PROBLEM REQUIREMENTS: Each line of the listing must be transcribed exactly, except for the images, which should be excluded.

DATASET SECTION:
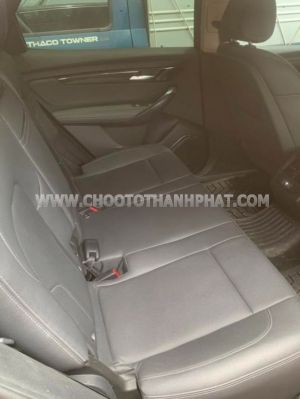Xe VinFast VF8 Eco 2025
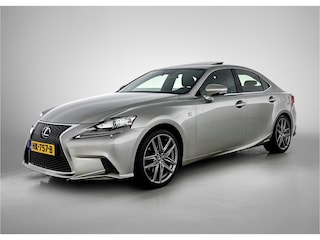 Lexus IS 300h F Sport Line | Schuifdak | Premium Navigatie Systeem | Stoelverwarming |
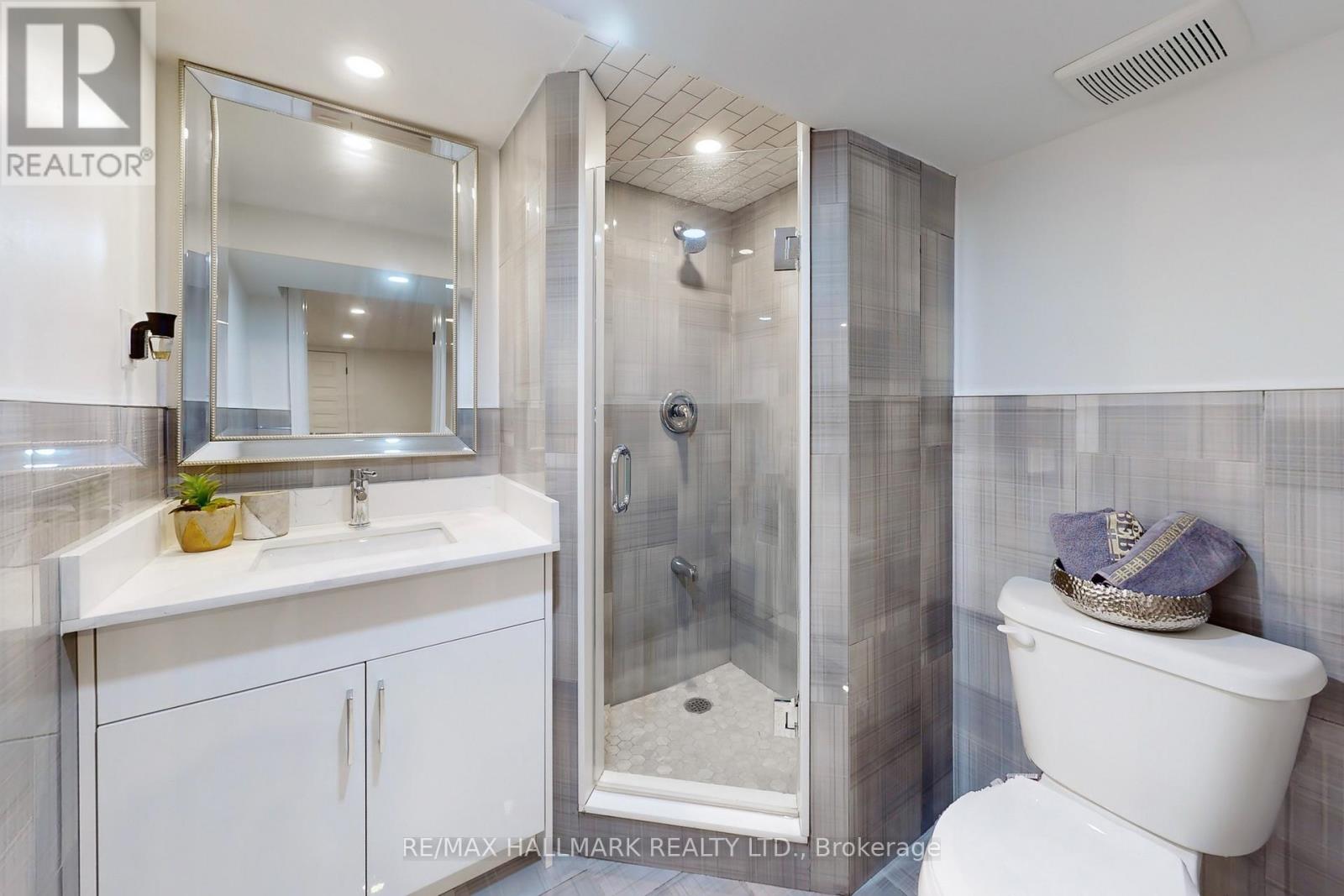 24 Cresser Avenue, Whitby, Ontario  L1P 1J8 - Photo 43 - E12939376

ANSWER AREA:
Xe VinFast VF8 Eco 2025
 Lexus IS 300h F Sport Line | Schuifdak | Premium Navigatie Systeem | Stoelverwarming |
 24 Cresser Avenue, Whitby, Ontario  L1P 1J8 - Photo 43 - E12939376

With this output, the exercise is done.